Mais, pour le rencontrer dans ce qu’il a d’universel, il faut oublier qu’il est des camps et ne point discuter les idéologies. Les langages charrient des contradictions tellement inextricables qu’elles font désespérer du salut de l’homme. Franco bombarde Barcelone parce que Barcelone, dit-il, a massacré des religieux. Franco protège donc les valeurs chrétiennes. Mais le chrétien assiste, au nom de ces valeurs chrétiennes, dans Barcelone bombardée, à des bûchers de femmes et d’enfants. Et il ne comprend plus. Ce sont, me direz-vous, les tristes nécessités de la guerre... La guerre est absurde. Il faut cependant choisir un camp. Mais il me semble que d’abord est absurde un langage qui oblige les hommes à se contredire.

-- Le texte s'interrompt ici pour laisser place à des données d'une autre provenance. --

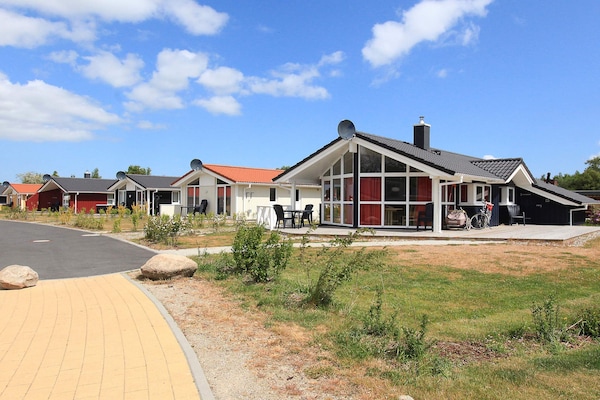 Foto van 6 persoons vakantie huis in GROEMITZ - Vakantiehuis in GROEMITZ - Outdoor
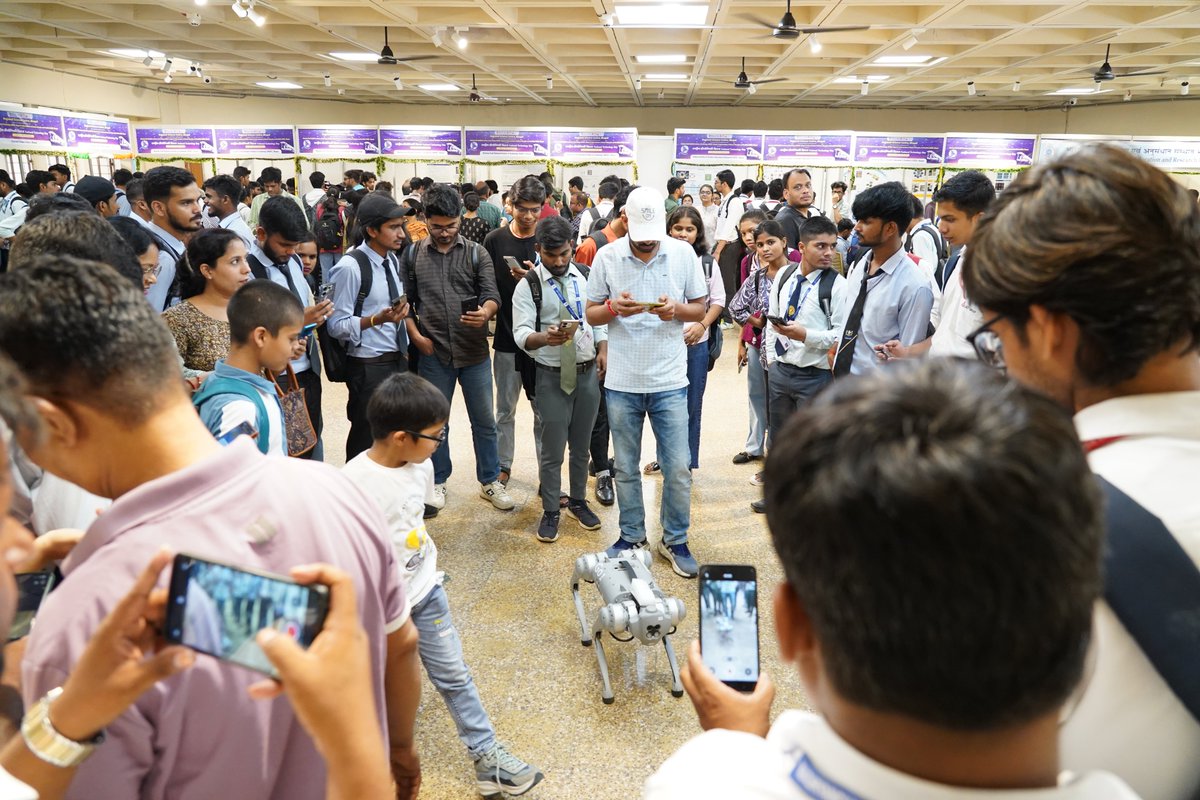 IISER Bhopal tweet media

N’objectez point non plus l’évidence de vos vérités, vous avez raison. Vous avez tous raison. Il a raison celui-là même qui rejette les malheurs du monde sur les bossus. Si nous déclarons la guerre aux bossus, si nous lançons l’image d’une race des bossus, nous apprendrons vite à nous exalter. Toutes les vilenies, tous les crimes, toutes les prévarications des bossus, nous les porterons à leur débit. Et ce sera justice. Et, quand nous noierons dans son sang un pauvre bossu innocent, nous hausserons tristement les épaules : « Ce sont là les horreurs de la guerre... Il paie pour les autres... Il paie pour les crimes des bossus... » Car, certes, les bossus aussi commettent des crimes.
Oubliez donc ces divisions qui, une fois admises, entraînent tout un Coran de vérités inébranlables et le fanatisme qui en découle. On peut ranger les hommes en hommes de droite et en hommes de gauche, en bossus et en non-bossus, en fascistes on en démocrates, et ces distinctions sont inattaquables ; mais la vérité, vous le savez, c’est ce qui simplifie le monde, et non ce qui crée le chaos.

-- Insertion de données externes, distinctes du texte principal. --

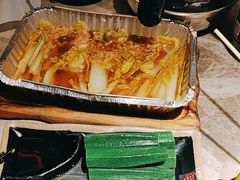 -三毛演义·湖南烧烤大排档(南浦店)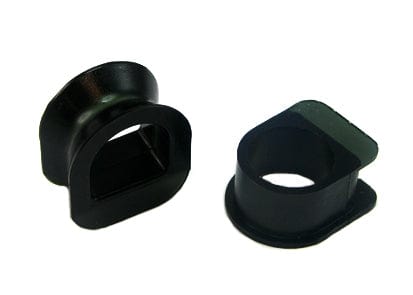 Whiteline 7 x 14 x 20 cm Front Steering Rack and Pinion - Mount Bushing Kit to Suit Holden Barina and Combo SR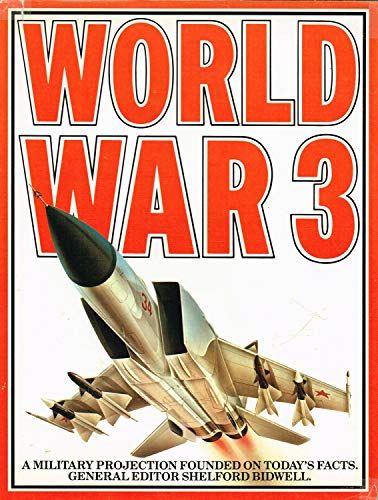 Beispielbild fr Word War III zum Verkauf von AwesomeBooks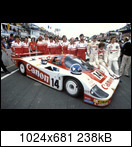 24 HEURES DU MANS YEAR BY YEAR PART TRHEE 1980-1989 - Page 15 1983-lm-14-lammerspal16jl1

Si nous demandions à l’homme de guerre, quel qu’il soit, non en l’écoutant se justifier dans Son langage insuffisant, mais en le regardant vivre, le sens de ses aspirations profondes ?

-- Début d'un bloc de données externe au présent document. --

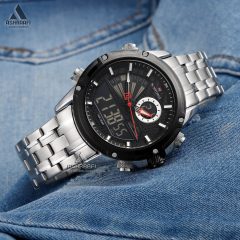 Naviforce NF9205SK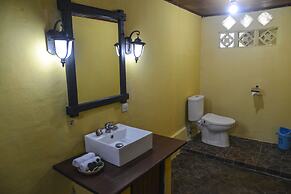 Tangkoko Sanctuary Villa & Spa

DANS LA NUIT, LES VOIX ENNEMIES

D'UNE TRANCHÉE À L’AUTRE

S’APPELLENT ET SE RÉPONDENT
Au fond de l’abri souterrain, les hommes, un lieutenant, un sergent, trois soldats, se harnachent en vue d’une patrouille. L’un d’eux, qui endosse un tricot de laine – il fait très froid, – m’apparaît dans l’ombre, la tête enfouie encore, les bras mal engagés, remuant lentement avec une lourdeur d’ours. Jurons étouffés, barbes de trois heures du matin, explosions lointaines... Tout cela compose un étrange mélange de sommeil, de réveil et de mort. Lente préparation de chemineaux qui vont reprendre le lourd bâton et le voyage. Pris dans la terre, peints par la terre, montrant des mains de jardiniers, ces hommes-là ne sont point pétris pour le plaisir. Les femmes s’en détourneraient. Mais, lentement, ils se dégagent de leur boue et vont émerger aux étoiles. La pensée s’éveille sous la terre, dans ces blocs de glaise durcie, et je songe que là-bas, en face, à la même heure, d’autres hommes se harnachent ainsi et s’épaississent des mêmes tricots de laine, imbibés de la même terre, émergeant de la même terre dont ils sont faits. Là-bas, en face, la même terre s’éveille aussi à la conscience, à travers l’homme.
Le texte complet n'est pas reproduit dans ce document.